How old are you guys hahah !


----------



## Epp12 (23 Jan 2014)

I was born In 1993


----------



## Winterburn (23 Jan 2014)

Just got the call. Fly out on the 8th. Don't like the idea of leaving my girlfriend a week before our 1 year though  :-\


----------



## Epp12 (23 Jan 2014)

Think positive, Atleast you don't have to buy her a present now hahaha


----------



## PuckChaser (23 Jan 2014)

Winterburn said:
			
		

> Just got the call. Fly out on the 8th. Don't like the idea of leaving my girlfriend a week before our 1 year though  :-\



Welcome to the Canadian Forces, you'll miss a lot of important dates. It comes written in the job description.


----------



## jmail003 (23 Jan 2014)

Anybody else here a girl hahaha?


----------



## Winterburn (23 Jan 2014)

Going for infantry. Coming from Ontario, just north of Barrie.


----------



## Evancai (28 Jan 2014)

I'm flying out on the 8th of February. I'm from Corner Brook, Newfoundland. 

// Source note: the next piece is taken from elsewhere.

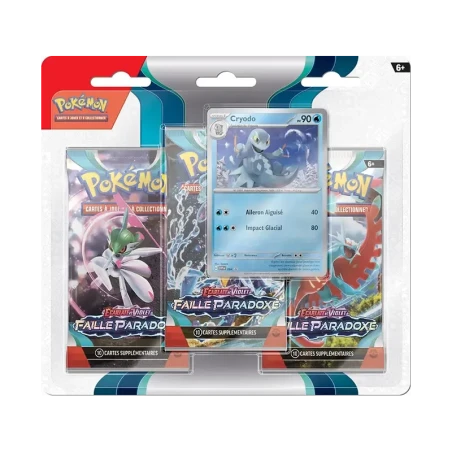 Pokémon TCG EV04 Faille Paradoxe - Tripack FR - vue de face Cryodo | NK - Nordikards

Got selected for Combat Engineer.


----------



## Winterburn (28 Jan 2014)

So....anybody else excited?! ;D


----------



## wiseloonies (28 Jan 2014)

Yes me too , but 
 it's a french platton right??


----------



## wiseloonies (28 Jan 2014)

for jmail003, I'm a girl, I will be the aunt of the group, I'm 33 years old
 but not so old  !!! ahahah


----------



## Winterburn (28 Jan 2014)

Youtube series following new recruits at BMQ. Enjoy:

http://www.youtube.com/watch?v=XeWNsyZqOm8


----------



## jmail003 (29 Jan 2014)

Hahah I'll most likely be the baby of the platoon I'm 18 !


----------



## Evancai (29 Jan 2014)

wiseloonies said:
			
		

> Yes me too , but
> it's a french platton right??



I don't think it's a french platoon. I'm from NF and I speak English. Although I can speak French (not fluently but good enough so Quebec doesn't make fun of me )


----------



## jmail003 (29 Jan 2014)

There's a French platoon and English platoon !


----------



## Epp12 (29 Jan 2014)

English and French Platoon start on the 10th, R0024E is the English platoon!!


----------



## Winterburn (29 Jan 2014)

I can't speak French to save my life.....be gentle.. :-\


----------



## TristynS (30 Jan 2014)

you guys are lucky  im jealous


----------



## wiseloonies (31 Jan 2014)

I will be not with you, I'm with the 0025F platon, the french one!!! I live in Ontario (6 months) but come from Quebec, and I know that the english will be very important for me to improve because I can be posting everywhere in the canada.


----------



## ajp (31 Jan 2014)

Good luck to you all, remember...this forum is monitored by pers at all levels...ie...I was reading your comments to my clerk.   We looked up your info.  We know all about your course.  All I'm saying is.  Be good. Enjoy your course. But be good on line.  Don't post junk.


----------



## Corey Hadden (4 Feb 2014)

I fly out of Vancouver feb 8th too epp12! Flight buddy! I'm 21 and I'm a combat engineer


----------